Pada ayat ini Allah Subhanahu wa ta’ala menyebutkan bahwa seluruh musibah yang menimpa bumi seperti gempa bumi; banjir; atau kekeringan, dan seluruh musibah yang menimpa diri kita sendiri seperti sakit; cacat; atau musibah terkait anak dan istri, semuanya telah Allah tuliskan di al-Lauhul Mahfudzh sebelum Allah Subhanahu wa ta’ala menciptakan musibah tersebut, dan hal tersebut sangat mudah bagi Allah Subhanahu wa ta’ala.
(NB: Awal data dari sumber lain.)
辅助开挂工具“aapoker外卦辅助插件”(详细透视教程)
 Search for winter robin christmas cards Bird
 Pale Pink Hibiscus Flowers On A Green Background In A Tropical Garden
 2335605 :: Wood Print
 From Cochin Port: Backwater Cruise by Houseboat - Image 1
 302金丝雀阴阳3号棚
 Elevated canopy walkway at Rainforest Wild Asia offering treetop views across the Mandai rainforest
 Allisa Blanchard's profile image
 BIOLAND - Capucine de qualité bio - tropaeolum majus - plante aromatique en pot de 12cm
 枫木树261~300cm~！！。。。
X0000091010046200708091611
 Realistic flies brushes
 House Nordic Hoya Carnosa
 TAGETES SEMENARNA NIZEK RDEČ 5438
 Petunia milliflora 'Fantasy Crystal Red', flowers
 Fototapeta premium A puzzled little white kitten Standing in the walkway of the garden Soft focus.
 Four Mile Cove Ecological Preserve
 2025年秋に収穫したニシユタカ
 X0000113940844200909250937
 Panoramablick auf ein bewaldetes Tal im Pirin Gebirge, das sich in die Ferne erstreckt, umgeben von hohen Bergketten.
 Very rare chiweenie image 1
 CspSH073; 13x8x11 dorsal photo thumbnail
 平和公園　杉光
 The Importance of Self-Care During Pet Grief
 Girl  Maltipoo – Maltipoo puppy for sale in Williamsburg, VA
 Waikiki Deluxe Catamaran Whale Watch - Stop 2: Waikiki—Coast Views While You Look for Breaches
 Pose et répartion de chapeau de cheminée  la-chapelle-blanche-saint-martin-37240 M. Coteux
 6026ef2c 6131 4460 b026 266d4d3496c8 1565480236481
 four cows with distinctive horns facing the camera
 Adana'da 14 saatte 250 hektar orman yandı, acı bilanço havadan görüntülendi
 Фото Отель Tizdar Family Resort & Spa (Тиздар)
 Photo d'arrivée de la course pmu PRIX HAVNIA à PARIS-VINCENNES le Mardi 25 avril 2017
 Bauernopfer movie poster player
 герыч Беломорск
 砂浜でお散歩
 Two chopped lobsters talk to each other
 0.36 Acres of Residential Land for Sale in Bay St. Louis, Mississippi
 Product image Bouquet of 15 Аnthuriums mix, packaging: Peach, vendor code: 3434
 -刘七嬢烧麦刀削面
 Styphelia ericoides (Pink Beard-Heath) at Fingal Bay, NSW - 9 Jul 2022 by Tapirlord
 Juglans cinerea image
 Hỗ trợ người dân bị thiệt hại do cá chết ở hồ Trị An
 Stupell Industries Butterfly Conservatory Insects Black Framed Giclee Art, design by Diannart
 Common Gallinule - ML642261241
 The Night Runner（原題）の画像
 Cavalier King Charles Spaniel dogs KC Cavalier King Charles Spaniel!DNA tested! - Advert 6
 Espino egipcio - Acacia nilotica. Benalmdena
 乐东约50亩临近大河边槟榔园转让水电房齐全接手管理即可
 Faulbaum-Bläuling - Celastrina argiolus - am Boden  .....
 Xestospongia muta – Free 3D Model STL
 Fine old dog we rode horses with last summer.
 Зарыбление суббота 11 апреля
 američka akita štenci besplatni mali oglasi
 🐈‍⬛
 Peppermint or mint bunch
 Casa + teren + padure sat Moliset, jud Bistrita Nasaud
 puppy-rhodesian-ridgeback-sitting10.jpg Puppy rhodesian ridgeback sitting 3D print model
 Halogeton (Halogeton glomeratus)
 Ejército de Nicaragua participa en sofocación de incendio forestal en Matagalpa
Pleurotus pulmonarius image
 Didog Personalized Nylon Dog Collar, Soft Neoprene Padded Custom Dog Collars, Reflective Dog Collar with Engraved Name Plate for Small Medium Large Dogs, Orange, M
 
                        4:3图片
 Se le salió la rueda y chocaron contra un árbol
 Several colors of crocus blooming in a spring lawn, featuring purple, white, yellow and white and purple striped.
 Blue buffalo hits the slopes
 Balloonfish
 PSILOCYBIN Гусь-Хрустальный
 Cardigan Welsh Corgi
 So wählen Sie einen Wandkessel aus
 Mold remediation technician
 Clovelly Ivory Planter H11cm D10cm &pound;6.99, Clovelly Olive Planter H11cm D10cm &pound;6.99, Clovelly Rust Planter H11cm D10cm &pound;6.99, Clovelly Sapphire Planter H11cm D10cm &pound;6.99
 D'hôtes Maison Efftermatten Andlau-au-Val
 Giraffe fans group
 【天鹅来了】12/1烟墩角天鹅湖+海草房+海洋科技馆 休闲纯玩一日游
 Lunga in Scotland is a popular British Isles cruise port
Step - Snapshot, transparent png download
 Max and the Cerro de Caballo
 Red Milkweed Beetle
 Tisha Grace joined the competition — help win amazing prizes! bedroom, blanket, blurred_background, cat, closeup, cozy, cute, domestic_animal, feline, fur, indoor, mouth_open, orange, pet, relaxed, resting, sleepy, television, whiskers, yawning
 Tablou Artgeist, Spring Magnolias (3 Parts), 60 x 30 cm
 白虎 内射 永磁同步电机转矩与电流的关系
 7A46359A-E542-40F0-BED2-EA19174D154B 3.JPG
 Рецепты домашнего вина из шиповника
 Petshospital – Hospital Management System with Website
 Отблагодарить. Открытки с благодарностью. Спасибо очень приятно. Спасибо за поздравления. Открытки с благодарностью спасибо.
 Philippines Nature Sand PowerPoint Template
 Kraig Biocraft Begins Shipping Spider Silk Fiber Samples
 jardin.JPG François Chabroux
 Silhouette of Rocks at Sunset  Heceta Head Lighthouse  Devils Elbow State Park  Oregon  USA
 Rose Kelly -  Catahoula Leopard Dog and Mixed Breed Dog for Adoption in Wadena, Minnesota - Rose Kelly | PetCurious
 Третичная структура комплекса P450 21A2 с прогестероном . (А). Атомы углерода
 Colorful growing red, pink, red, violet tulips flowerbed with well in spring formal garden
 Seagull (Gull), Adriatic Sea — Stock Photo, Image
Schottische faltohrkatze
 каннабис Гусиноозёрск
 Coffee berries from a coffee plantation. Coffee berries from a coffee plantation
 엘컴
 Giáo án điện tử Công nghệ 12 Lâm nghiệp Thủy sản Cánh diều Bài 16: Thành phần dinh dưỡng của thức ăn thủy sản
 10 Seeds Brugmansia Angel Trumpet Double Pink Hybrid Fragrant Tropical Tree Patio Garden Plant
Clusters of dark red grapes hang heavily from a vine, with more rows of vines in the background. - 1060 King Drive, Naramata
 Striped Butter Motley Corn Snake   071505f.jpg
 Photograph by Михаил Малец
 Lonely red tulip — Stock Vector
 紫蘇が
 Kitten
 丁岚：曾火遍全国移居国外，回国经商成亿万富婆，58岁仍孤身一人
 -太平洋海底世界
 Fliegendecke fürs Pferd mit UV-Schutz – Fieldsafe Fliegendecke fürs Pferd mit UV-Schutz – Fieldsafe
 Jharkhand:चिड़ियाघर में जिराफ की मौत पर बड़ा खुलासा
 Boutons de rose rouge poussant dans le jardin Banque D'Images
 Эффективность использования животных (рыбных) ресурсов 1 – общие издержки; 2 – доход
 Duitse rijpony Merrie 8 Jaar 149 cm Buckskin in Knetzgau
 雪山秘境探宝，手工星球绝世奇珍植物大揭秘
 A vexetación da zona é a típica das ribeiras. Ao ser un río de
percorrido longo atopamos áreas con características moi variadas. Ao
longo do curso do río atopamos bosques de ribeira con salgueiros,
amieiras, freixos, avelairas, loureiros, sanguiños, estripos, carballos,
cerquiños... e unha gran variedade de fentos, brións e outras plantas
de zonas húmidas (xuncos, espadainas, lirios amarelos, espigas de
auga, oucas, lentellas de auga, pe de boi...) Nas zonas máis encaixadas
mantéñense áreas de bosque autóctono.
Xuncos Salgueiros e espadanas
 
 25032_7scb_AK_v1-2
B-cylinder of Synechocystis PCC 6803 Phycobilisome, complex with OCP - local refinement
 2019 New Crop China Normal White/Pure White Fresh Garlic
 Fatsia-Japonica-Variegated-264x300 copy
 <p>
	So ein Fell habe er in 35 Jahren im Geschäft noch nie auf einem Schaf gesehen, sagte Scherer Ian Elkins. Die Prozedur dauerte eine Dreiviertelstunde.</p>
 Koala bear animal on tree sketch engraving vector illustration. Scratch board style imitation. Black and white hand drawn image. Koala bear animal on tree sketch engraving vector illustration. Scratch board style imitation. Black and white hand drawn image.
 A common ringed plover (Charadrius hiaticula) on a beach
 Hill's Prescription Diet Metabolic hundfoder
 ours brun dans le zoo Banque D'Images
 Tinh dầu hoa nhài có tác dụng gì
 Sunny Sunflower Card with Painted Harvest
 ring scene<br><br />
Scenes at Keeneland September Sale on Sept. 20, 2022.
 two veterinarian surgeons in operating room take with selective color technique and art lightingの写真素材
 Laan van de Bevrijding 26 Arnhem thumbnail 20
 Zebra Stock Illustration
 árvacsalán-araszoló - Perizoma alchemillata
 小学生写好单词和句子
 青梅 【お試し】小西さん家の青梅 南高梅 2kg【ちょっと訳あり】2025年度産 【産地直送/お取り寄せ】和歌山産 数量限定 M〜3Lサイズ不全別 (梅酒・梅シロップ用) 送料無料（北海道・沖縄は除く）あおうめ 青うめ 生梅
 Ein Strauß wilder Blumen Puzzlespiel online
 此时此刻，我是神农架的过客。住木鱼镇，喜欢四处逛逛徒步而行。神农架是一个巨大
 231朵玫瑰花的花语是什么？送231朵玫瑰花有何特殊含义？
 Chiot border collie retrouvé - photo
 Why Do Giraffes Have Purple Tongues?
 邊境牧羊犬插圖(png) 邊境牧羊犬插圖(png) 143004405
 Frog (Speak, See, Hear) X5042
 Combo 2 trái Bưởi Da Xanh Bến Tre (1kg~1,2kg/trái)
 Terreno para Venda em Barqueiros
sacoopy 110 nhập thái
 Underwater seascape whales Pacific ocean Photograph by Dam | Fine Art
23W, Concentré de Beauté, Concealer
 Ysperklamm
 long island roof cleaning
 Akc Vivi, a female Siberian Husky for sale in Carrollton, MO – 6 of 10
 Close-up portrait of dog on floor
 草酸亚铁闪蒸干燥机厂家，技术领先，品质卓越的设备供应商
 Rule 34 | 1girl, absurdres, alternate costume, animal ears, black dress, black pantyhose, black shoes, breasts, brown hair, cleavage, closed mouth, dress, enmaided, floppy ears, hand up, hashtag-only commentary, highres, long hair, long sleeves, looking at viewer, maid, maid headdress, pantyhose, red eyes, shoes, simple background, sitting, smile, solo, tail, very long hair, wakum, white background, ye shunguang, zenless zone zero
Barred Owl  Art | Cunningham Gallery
Oleh karena itu, ayat ini berbicara tentang iman kepada takdir, bahwasanya semua apa yang terjadi itu telah ditakdirkan oleh Allah Subhanahu wa ta’ala. Tidak ada satu musibah pun yang menimpa diri kita, harta kita, dan keluarga kita kecuali hal tersebut telah tercatat di Lauhil Mahfudzh.